Vorlage an den Landrat

4 Überblick über den Staatshaushalt


4.1 Laufende Rechnung und Investitionsrechnung


Mit einem Defizit von 20.7 Mio. Franken in der Laufenden Rechnung 2006 wird eine substanzielle Verbesserung gegenüber dem Vorjahresbudget (Saldo Laufende Rechnung: -37.6 Mio. Franken) und gegenüber der Rechnung 2004 (-46.2 Mio. Franken) erreicht und ein weiterer Schritt in Richtung Konsolidierung der Kantonsfinanzen getan. Die Budgetrichtlinien 2006 sind von einem Zielsaldo von -26.4 Mio. Franken ausgegangen. Dank einer restriktiven Budgetierung ist es den Organisationseinheiten gelungen, diese Vorgabe zu überbieten und darüber hinaus die Mehrbelastung der Laufenden Rechnung von ca. 30 Mio. Franken aufgrund des Praxiswechsels bei den Investitionsbeiträgen aufzufangen.

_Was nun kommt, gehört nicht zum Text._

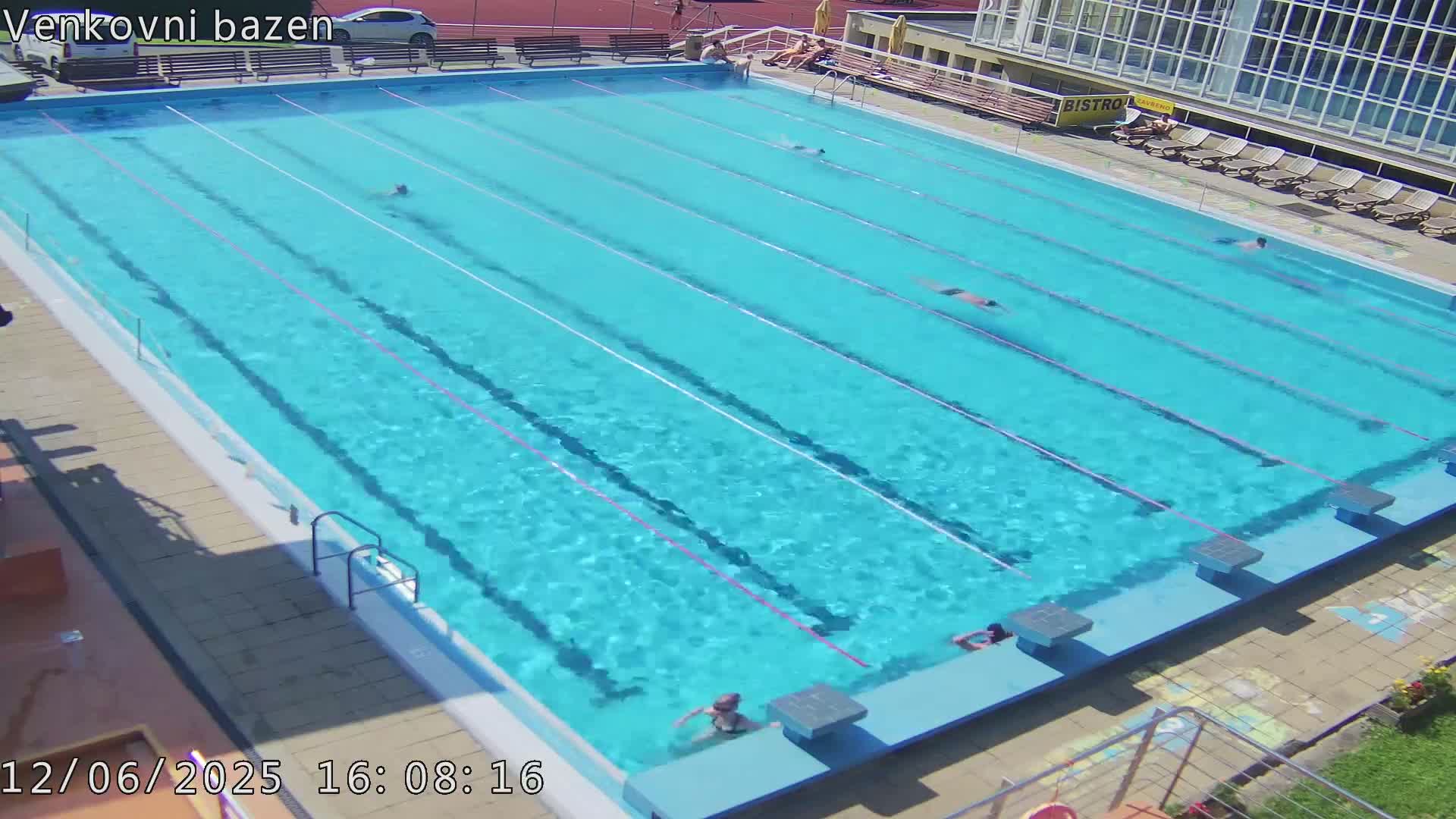 A large outdoor swimming pool with several people swimming in it on a sunny day.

Die folgende Übersicht zeigt, dass der laufende Ertrag mit 4.7% oder 113.9 Mio. Franken stärker zunimmt als der laufende Aufwand, der um 97.0 Mio. Franken oder 4.0% gegenüber dem Vorjahresbudget ansteigt.


Tabelle 6: Übersicht über den Voranschlag 2006


Trotz des tieferen Defizits in der Laufenden Rechnung vermindert sich die Selbstfinanzierung gegenüber dem Vorjahresbudget leicht um 0.7% auf 88.7 Mio. Franken, da der Praxiswechsel bei den Investitionsbeiträgen mit einer Verminderung der Abschreibungen verbunden ist.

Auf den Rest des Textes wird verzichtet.